Capacity issues will worsen at South London junctions
The article in RAIL 843 on performance or capacity discussed (among other things) timetable planning problems around busy junctions.
It prompted me to write questioning the feasibility of eventually running 24 peak trains per hour through Blackfriars, using Thameslink. I have serious concerns about the station’s ability to cope, with so many Thameslink trains conflicting with so many other trains at the numerous South London junctions - particularly those along the main artery between Blackfriars and East Croydon.
My own experience of using Thameslink in 2017, almost all off-peak, is that I never had a journey uninterrupted by signal stops at one or more of Herne Hill, Tulse Hill or Streatham Junctions, or those in the Selhurst area.
This was at a time of a maximum of ‘only’ 15 or so peak trains leaving Blackfriars per hour, two-thirds of which do not use the full artery to East Croydon as they divert to the likes of Bromley and Sevenoaks, avoiding most of the junctions listed, or to Sutton leaving at Streatham Junction.
The Thameslink timetable judiciously allows between 27 and 31 minutes for the ten-mile crawl to East Croydon (best average speed of 22mph!), so despite often multiple hold-ups I have mostly arrived at East Croydon on time, no doubt as a result of ample recovery time being built in.

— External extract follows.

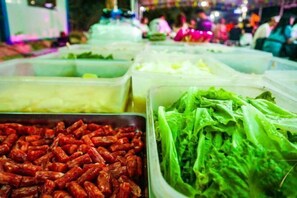 Dining - Leyou Self-driving Desert Camping Base (Dunhuang)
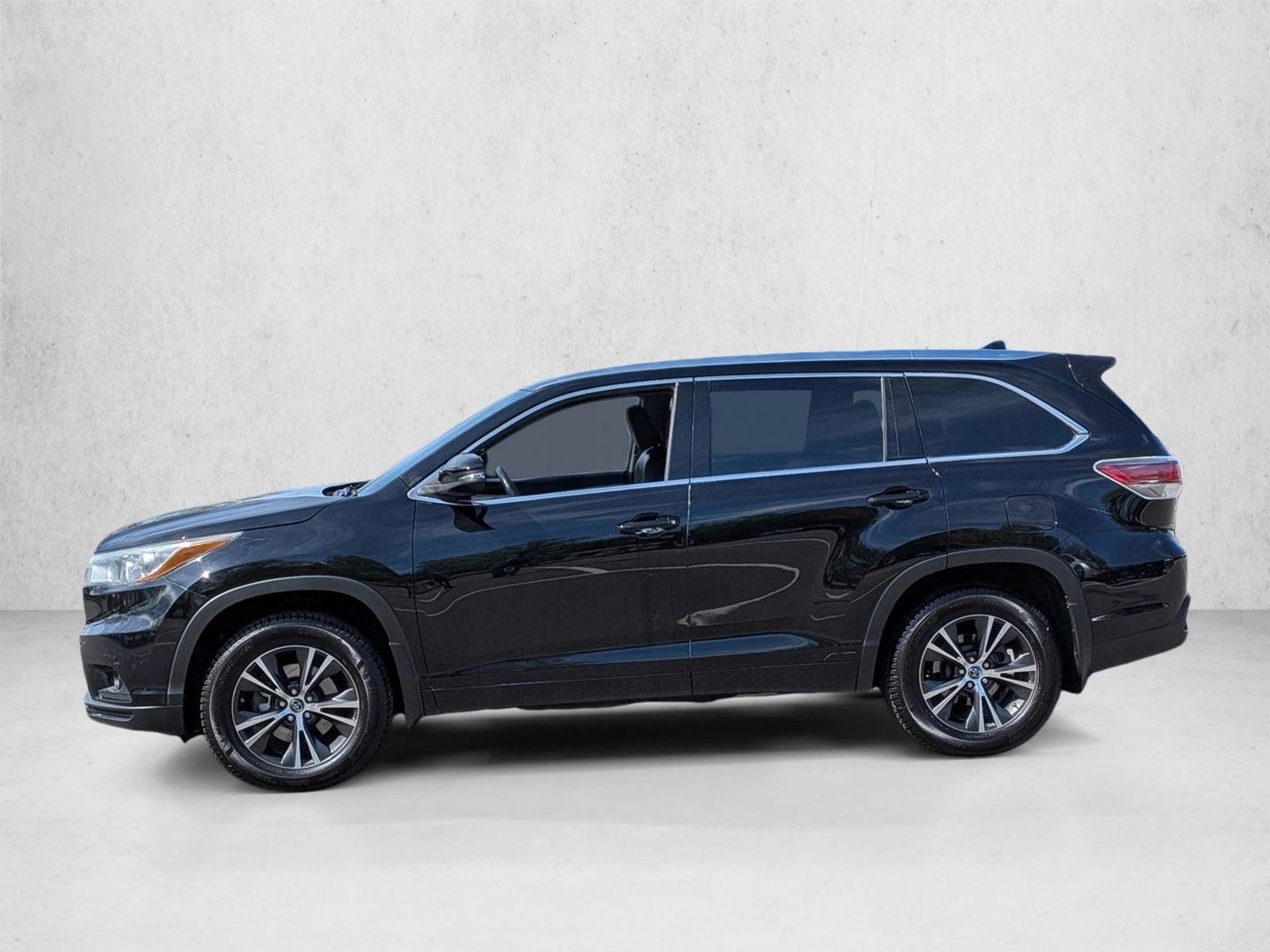 Thumbnail: 2016 Toyota Highlander - 2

But when the number of trains increases following the introduction of Peterborough/ Cambridge to Brighton/ Sutton and other destinations, so (inevitably) will the number of conflicts at the junctions mentioned.
These pressure points seem at full capacity already, especially at the peak. It would be interesting to hear what the planners have in mind to cope with this obvious future capacity risk - maybe 40 minutes will be needed to get to East Croydon!
Do other readers share my experience of stop-start progress on this line, and do they share my concerns?